When Dr. Edward Sako attended medical school in the late 1980s, lung transplant surgeries were rare and, of course, COVID-19 was unknown.
By the time he completed his residency in thoracic surgery in 1992, University Health had one of the first transplant programs in the country to treat patients with terminal respiratory disease. Sako has performed hundreds of lung transplants since then.
Backed by a team of surgeons, physicians, and nurses, Sako in October performed the first local double-lung transplant on a San Antonio patient whose lungs were so damaged from acute respiratory disease caused by the novel coronavirus that doctors were left with few options.
“Transplant and lung transplant, in particular, is … a treatment of last resort when you’ve pretty much exhausted everything else,” said Sako, chief of cardiothoracic surgery, surgical director for University Health’s lung transplant program, and a faculty member at UT Health San Antonio.
The transplant recipient, who doctors said does not want to be identified, is reported to be recovering well. The patient is among fewer than 30 people nationwide to undergo lung transplants due to COVID-19, Sako said, a small number considering nearly 75,000 have been hospitalized with the virus since March. The first successful double-lung transplant in the U.S. was in June.
Prior to the coronavirus pandemic, lung transplants were reserved for patients with progressive lung diseases such as chronic obstructive pulmonary disease (COPD), cystic fibrosis, pulmonary hypertension, and interstitial lung diseases caused by exposure to hazardous materials or an autoimmune disease.
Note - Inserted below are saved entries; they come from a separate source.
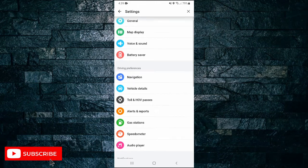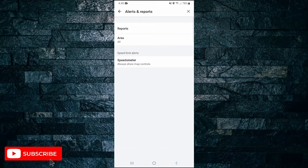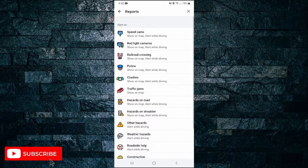Then scroll down and under driving preferences tap on alerts and reports. Next tap on reports. If you scroll down, the fourth option is for police — so tap on that option.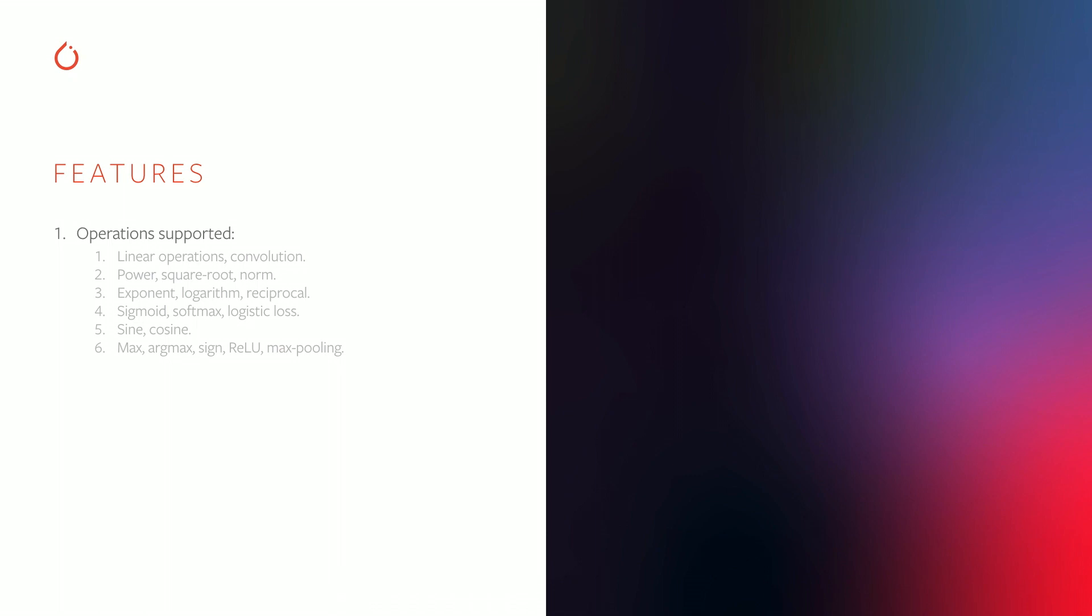We also support operations such as computing minimum and maximum values, argmaxes, signs, relus, and other operations that require us to compare two encrypted values. This may sound easy, but it's actually very difficult in an encrypted world, because the bit that indicates which of the two values is larger than the other cannot become known by any of the parties. We achieve this through an implementation that converts between arithmetic and XOR secret sharing as needed.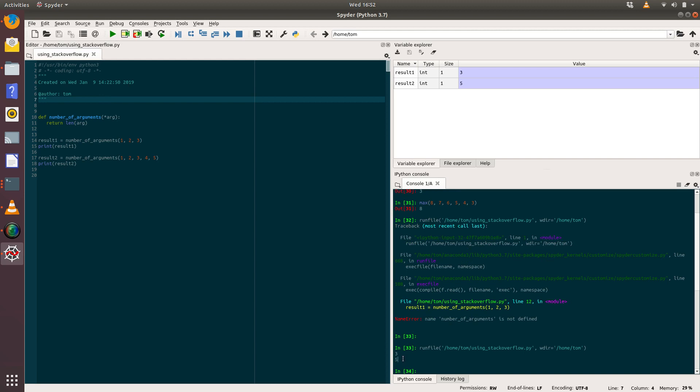So we can see it's returned the correct results. So for the first call where we pass in one, two, three, it returns three, and for the second call where we pass in one, two, three, four, five, it's returned five. And we can see the values of result there in our variable explorer.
Donor lungs are harder to come by than other organs such as livers and kidneys, and lung transplants remain one of the riskiest of all types of transplant surgeries. The incidence of rejection and infection is high.
“One simple explanation [for poor outcomes] is that you’ve immunocompromised the patient, and yet they have lungs that are exposed to the outside environment simply by the act of breathing,” Sako said. “When you look at the survival rate after five years, we know that lung [transplants] are not as good as the other organ systems.”
Sako said the transplant team at University Health has had mostly “good outcomes” performing more than 700 lung transplants.
But unlike patients hospitalized with COVID-19, patients with chronic lung diseases become aware over the course of several years that they will need transplant surgery, said Dr. Debbie Levine, medical director for the University Health lung transplant program who is also a faculty member at UT Health San Antonio.
“So this type of disease state which comes on unexpectedly, as well as is pretty rapid, is a different type of scenario,” she said of COVID-19.
In severe cases of COVID-19, patients get viral pneumonia, which is complicated by a release of inflammatory cells and inflammatory markers, Levine said. That can progress to acute respiratory distress and the patient needing to be on a ventilator or ECMO (extracorporeal membrane oxygenation) in order to survive.
At that point, the patient may improve, Levine said, “which we all hope for each one of them, but oftentimes the process may not be reversible” and the lungs are left scarred and damaged.
In the case of the recent lung transplant Sako performed, the COVID-19 patient’s lungs resembled those of a patient with interstitial lung disease: scarred and inflamed.
“The [coronavirus] patients that are considered for lung transplant are ones that … are needing some additional level of support, and it’s pretty clear partly from the amount of time that they’ve been receiving treatment that things just aren’t going to get better and that they, in general, reach the stage where the lungs are just so scarred up, they just are not going to recover,” Sako said.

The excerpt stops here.